CATALAN INDEPENDENCE DRIVE

European Parliament withdraws deputy status from jailed Catalan politician

While former colleagues Carles Puigdemont and Toni Comín will be able to take their seats in Strasbourg today, Oriol Junqueras will remain in custody based on a Supreme Court ruling

The European Parliament announced on Friday that it would no longer recognize jailed politician Oriol Junqueras as one of its deputies, after the Spanish Supreme Court informed the institution the day before that the Catalan Republican Left (ERC) leader was ineligible for the role due to his conviction for his involvement in the 2017 independence drive in the northeastern region.

“Taking into account the decision of the National Electoral Commission [JEC] and in accordance with the decision by the Supreme Court, Junqueras’s mandate expired on January 3, 2020,” the president of the parliament, David Sassoli, said in a statement made public on Friday evening.

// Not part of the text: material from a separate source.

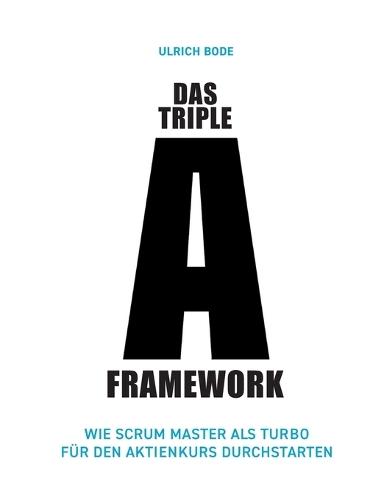 Das Triple-A Framework: Wie Scrum Master als Turbo für den Aktienkurs durchstarten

Junqueras is currently serving a 13-year prison sentence after being convicted of sedition and misuse of funds by Spain’s Supreme Court for his role in the secessionist drive, which saw an illegal referendum on independence held on October 1, 2017 and a subsequent unilateral declaration of independence passed in the regional parliament. At the time of the events, Junqueras was deputy regional premier.

Despite being in pre-trial custody at the time, Junqueras ran as a candidate in last year’s European elections, and was successfully elected as an MEP. Since then, however, he has been subject to a legal wrangle as to whether or not he can take his seat.

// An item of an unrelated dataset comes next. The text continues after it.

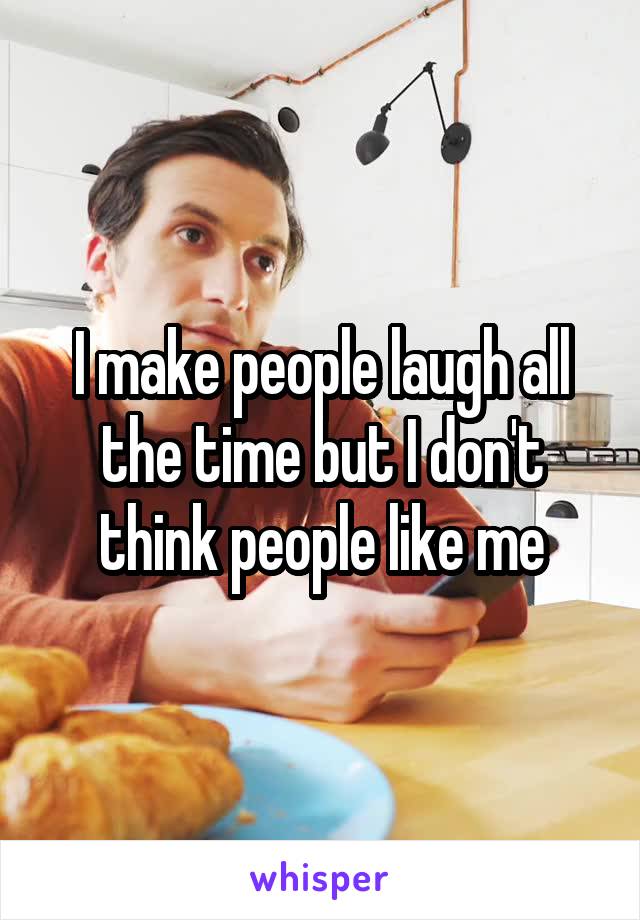 I make people laugh all the time but I don't think people like me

In December of last year, the Court of Justice of the European Union (CJEU) appeared to offer Junqueras a lifeline, when it ruled that he became an MEP as soon as he was elected on May 26, and should have enjoyed parliamentary immunity from that moment on. Junqueras was in pre-trial custody at the time, however, and was unable to take up his seat.

In line with the CJEU ruling, the European Parliament issued an internal communication last Monday stating that at its first debate of the year it would “take note” of the election of Junqueras as well as fellow Catalan politicians Carles Puigdemont and Toni Comín – who fled Spain to avoid arrest in the wake of the 2017 Catalan independence drive – as MEPs. This will no longer be the case for Junqueras, after the institution took note of the communication last week from the Spanish Supreme Court. The CJEU ruling left the ball in the court of the Spanish justice system as to the scope of the immunity that Junqueras enjoyed as an MEP.

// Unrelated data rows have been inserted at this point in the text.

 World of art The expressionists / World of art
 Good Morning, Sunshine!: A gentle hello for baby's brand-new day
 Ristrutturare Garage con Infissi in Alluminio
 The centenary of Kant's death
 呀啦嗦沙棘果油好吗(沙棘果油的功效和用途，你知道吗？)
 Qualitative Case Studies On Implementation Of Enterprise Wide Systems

The European Parliament does, however, consider Junqueras to have been an MEP for the first six months of the current political term, meaning that he could be eligible to receive his salary for that period. “The mandates of Mr Junqueras, Mr Puigdemont and Mr Comín began on July 2, 2019 as a consequence of the official declaration of the European election results [which were held on May 26] by the competent Spanish authorities,” Sassoli added in his statement.

Puigdemont and Comín will have the chance to speak before the 749 other MEPs in the chamber

Junqueras’s defense team is not, however, giving up and has announced that it is planning on fighting the decision at the General Court at the Court of Justice of the European Union.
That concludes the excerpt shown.